I gave you my all but you took it all away
7:15 AMI'm utterly shattered but I've been picking up the pieces by myself, I'm doing fine I guess.
I still miss you time to time but I know I have to stay out of your way now that you have someone else. I'm even afraid to see you now, I'm afraid the feelings would come like a pang, & tear me apart. I'm only hoping you would never forget me. For you meant a lot to me, even with all that going on, and all the hurt you've made me undergo these past few weeks, I still secretly hope we still had a chance. Of course, I know now's not the time, I don't have time to commit, & you don't have feelings for me anymore. I just I'm just kinda naive in hoping we still had something.
I remember all the promises we made each other, & I know those are the exact same promises you'll be making to your new girl. "I'll never leave you." "You are my world." "You are the best, no one will ever replace you." I don't know but this break up came as a shock to me because I felt that we were doing just fine, but I guess somewhere along the way juggling with studies, work & our relationship, we lost focus of what we were fighting for. We lost ourselves trying so hard.
I choose to believe we both gave each other our very best, and that it is a loss that I have to get over because this is really not the time.
Who knows?

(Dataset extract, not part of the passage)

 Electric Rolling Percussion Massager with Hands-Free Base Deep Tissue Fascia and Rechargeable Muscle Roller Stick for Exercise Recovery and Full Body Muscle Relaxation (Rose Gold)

Maybe someday in the future, you would still harbor the slightest feelings for me, and we could give this another shot.
But I know well enough that I will have to stay out of your way for now, despite how much I've fought for you the past few weeks, & despite how much I was willing to give you, I know I can't give you what someone else could give you, which is what you need.
I'm really sorry we couldn't work out, maybe I didn't show you that I wanted you bad enough, but all these is too late. There's nothing else to say that would salvage this situation. I am grateful for because of you, I finally let go of my past relationships. I used to dwell over them even though I might be in another relationship at that point of time, but you made me get over them easily. You were the best, this I can't deny, and I know I won't be your best in time to come, for I didn't give you enough. But I still hope that I made a significant impact in your life, at least make me a few chapters in your book rather than just an insignificant line.
I always thought if I tried hard enough, if I gave you enough space, if I loved you enough, we would work out. But never would I have imagined that in that time I gave you, you replaced me. I was just a rest stop for you to move on and find someone better. It is undeniably the fact but hurts me that I didn't mean as much as you meant to me.
But honestly, all this negativity got to go. I need to move on. I can't keep dwelling over you my love. My diaries are filled. I've cried buckets. I believe I've done enough trying to fight for you. I honestly do. I'm sorry but I'm going to stop caring, stop checking you up. You are fine without me, and I'm okay with that. It's really great to see you with someone else who complete you. It's honestly really great for I could never complete you, especially on all those empty nights. I'm happy for you. Although I might still be dwelling and hiding in my sad little bubble, I will stop bothering you. Because you deserve that much.
I'm letting go because I love you this much, and honestly, I'm not strong enough to stay & see you with someone else. I honestly am not strong enough for this, and for this, I'm going to move on. For myself. I'm going to start doing something for myself, I need so start loving myself. Because if I don't, no one would.
I'm not saying I won't put anyone else as my priority ever again, because I know myself that I will move on to someone else soon, and that person might be the center of my world. But for now, I'm going to treat myself better, for I realized, I've always compromised myself for the people I love and I deserve a break.